Gastric first-pass metabolism of ethanol is an important determinant of blood alcohol concentrations. We studied five healthy volunteers after ingestion of ethanol (0.3 g/kg of body weight) and found that blood alcohol concentrations in the fed state (ie, 1 hour after a standard breakfast) were significantly higher when the subjects received 1 g of aspirin 1 hour before ingestion of ethanol than without the drug. In vitro, aspirin clearly decreased the activity of gastric alcohol dehydrogenase in human subjects and in rat models, but not that of hepatic alcohol dehydrogenase in rats. Furthermore, blood alcohol concentrations in rats were unaffected by ingestion of aspirin when ethanol was infused intravenously. Thus, aspirin may increase the bioavailability of ingested ethanol in humans, possibly by reducing ethanol oxidation by gastric alcohol dehydrogenase.

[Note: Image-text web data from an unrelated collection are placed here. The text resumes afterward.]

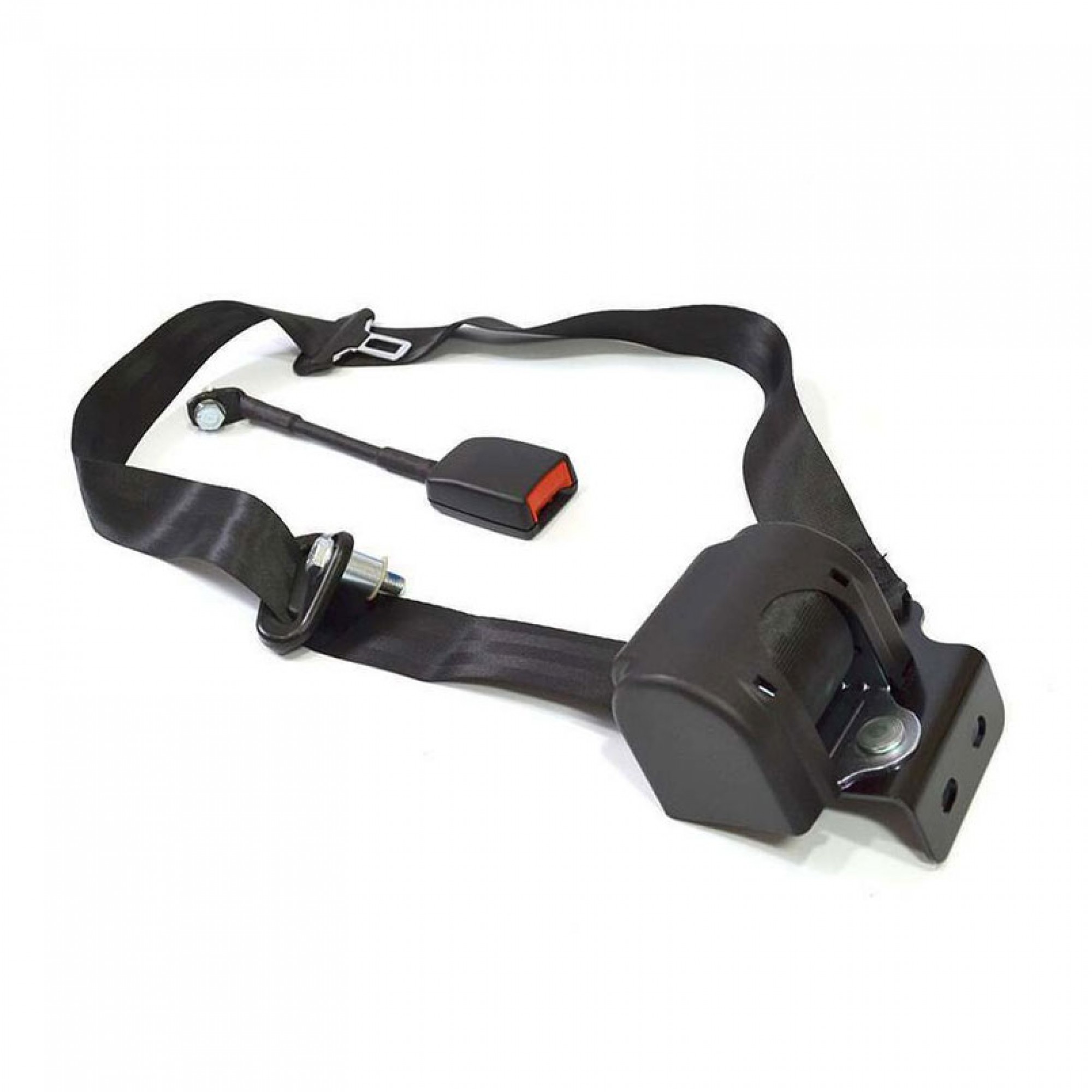 EXT001-5 - Front 2 Door RH Inertia Reel and Buckle Vehicles with Hard Tops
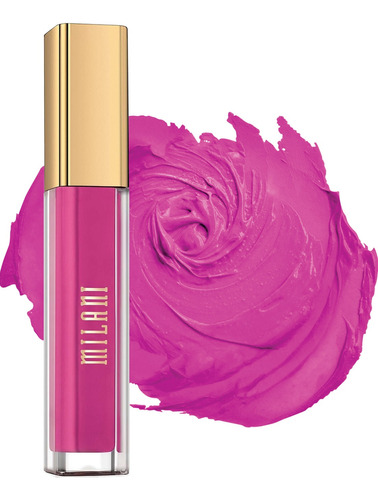 Milani Amore Matte - 17 Fancy - Labial Líquido Mate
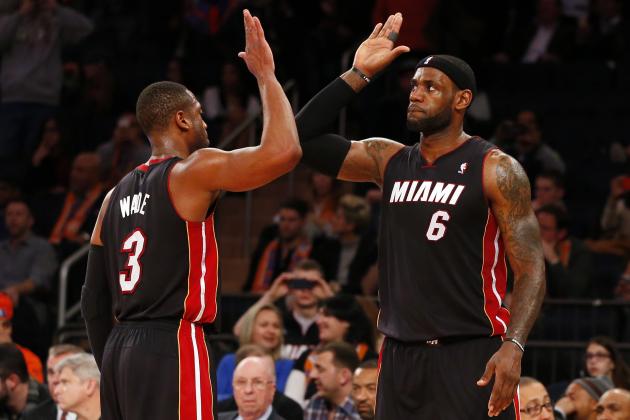 Miami Heat Playoff Schedule Tv Info And Predictions For 1st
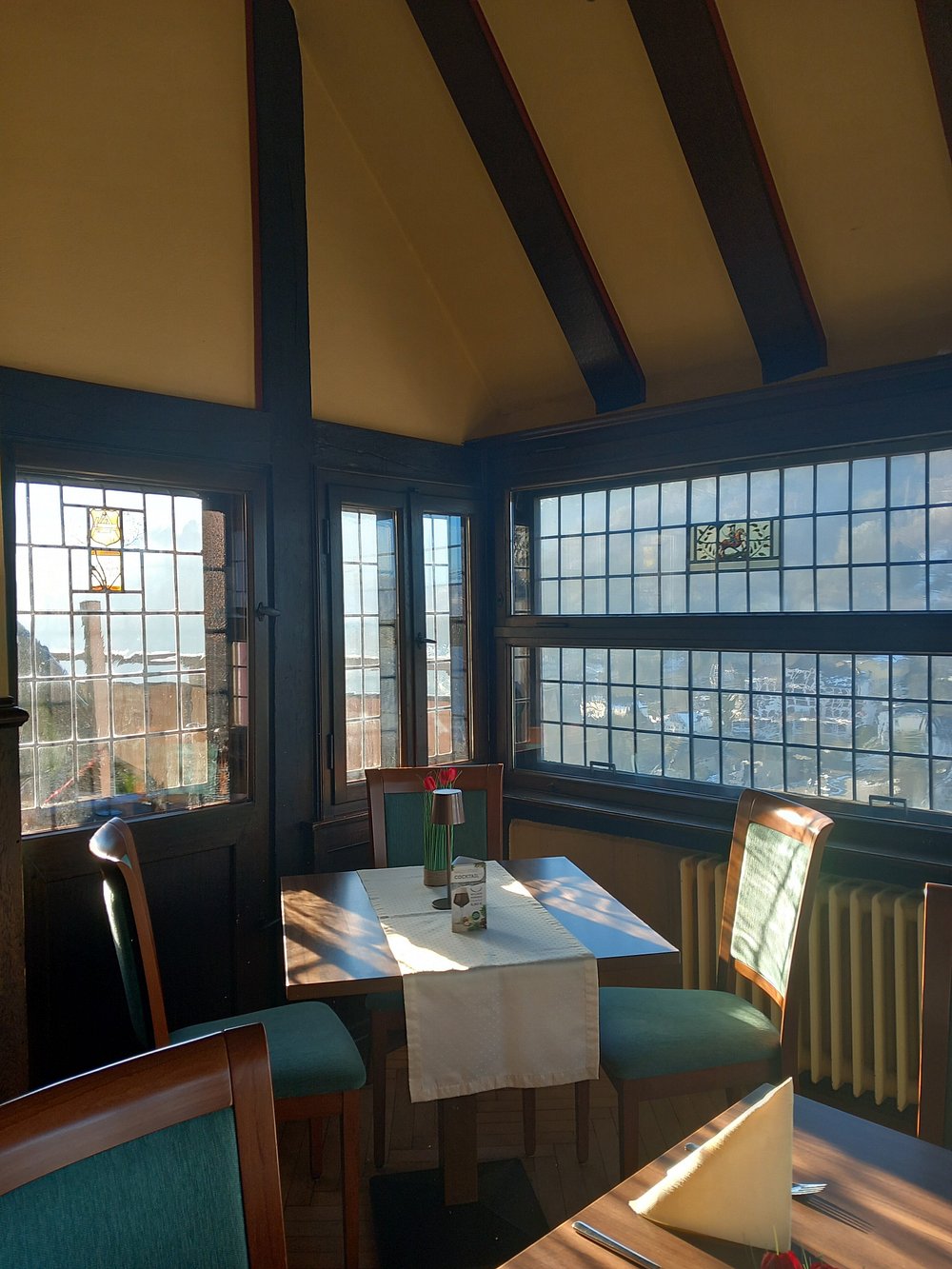 Kleinerer Innenbereich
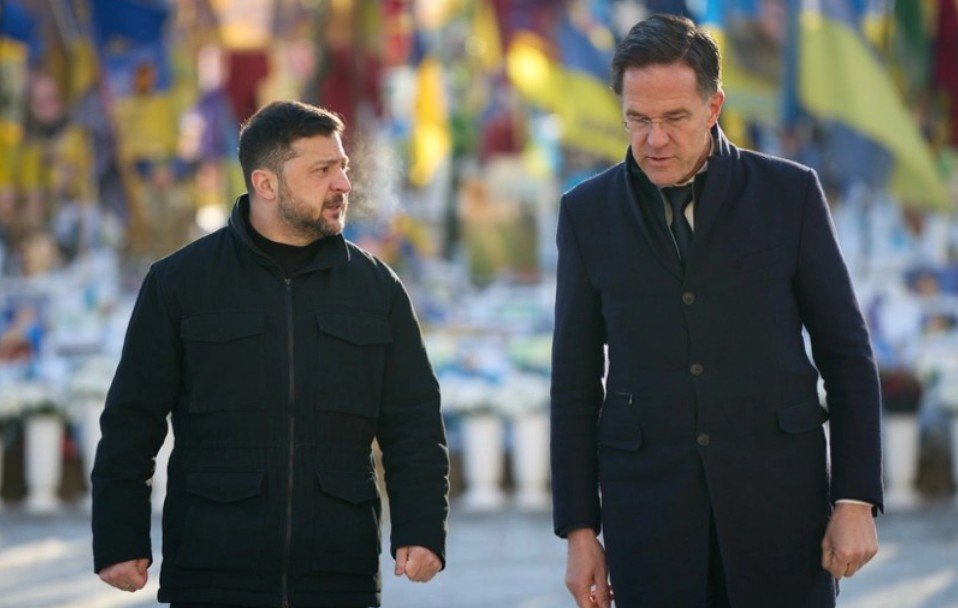 NATO-nun baş katibi Kiyevə gedib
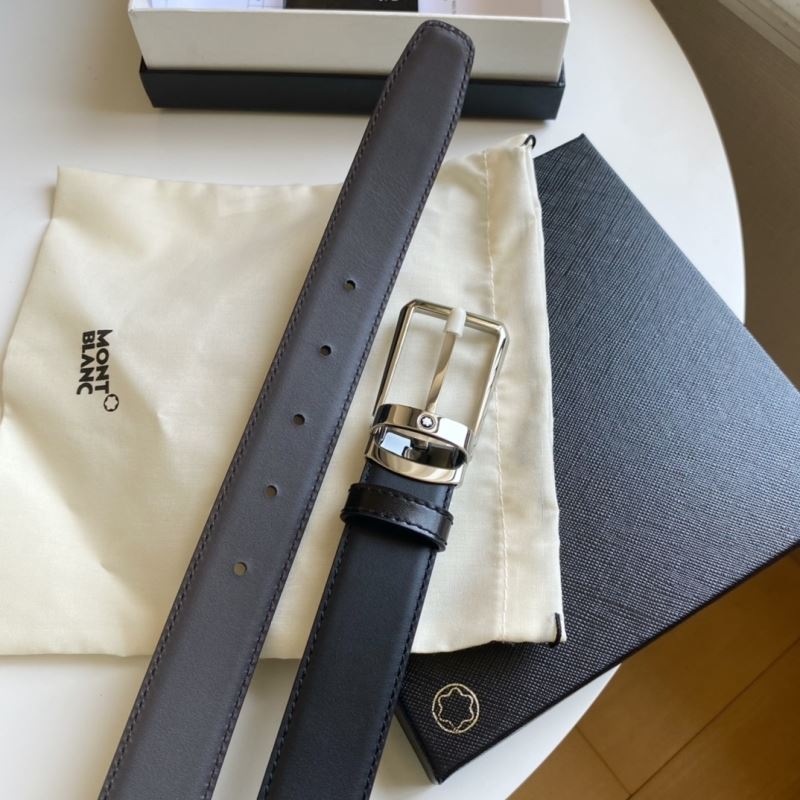 Montblanc Belts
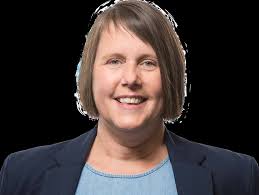 When I was diagnosed with invasive breast cancer I didn't have hope that I  would be here in five years.”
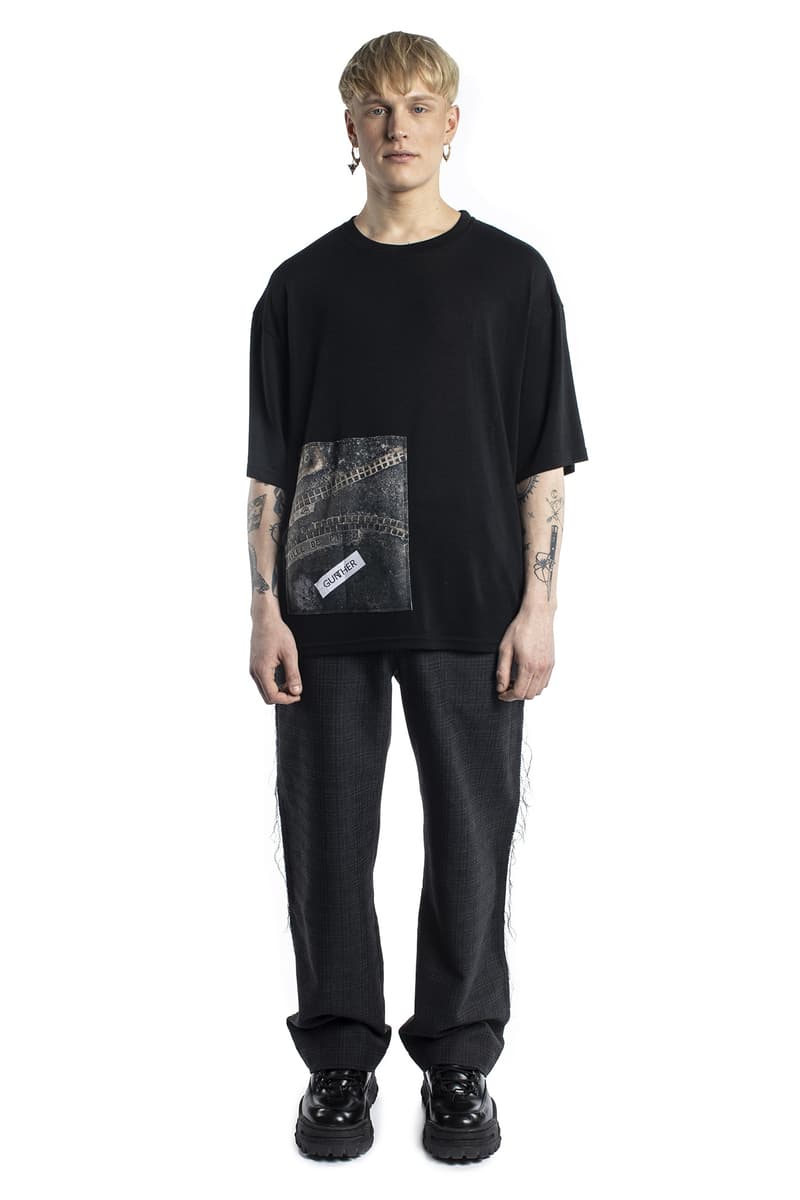 Gunther Offset Collection première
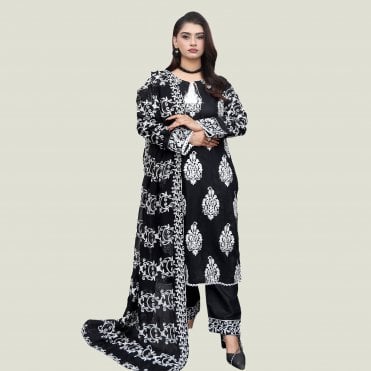 Premium embroidered Trouser Suit – ML 14911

乙醇的胃首过代谢是血液酒精浓度的一个重要决定因素。我们对五名健康志愿者在摄入乙醇(0.3克/千克体重)后进行了研究,发现当受试者在摄入乙醇前1小时服用1克阿司匹林时,进食状态下(即标准早餐后1小时)的血液酒精浓度显著高于未服用该药物时。在体外,阿司匹林明显降低了人类受试者和大鼠模型中胃乙醇脱氢酶的活性,但对大鼠肝脏乙醇脱氢酶的活性没有影响。此外,当静脉注射乙醇时,大鼠的血液酒精浓度不受阿司匹林摄入的影响。因此,阿司匹林可能会增加人类摄入乙醇的生物利用度,可能是通过减少胃乙醇脱氢酶对乙醇的氧化作用。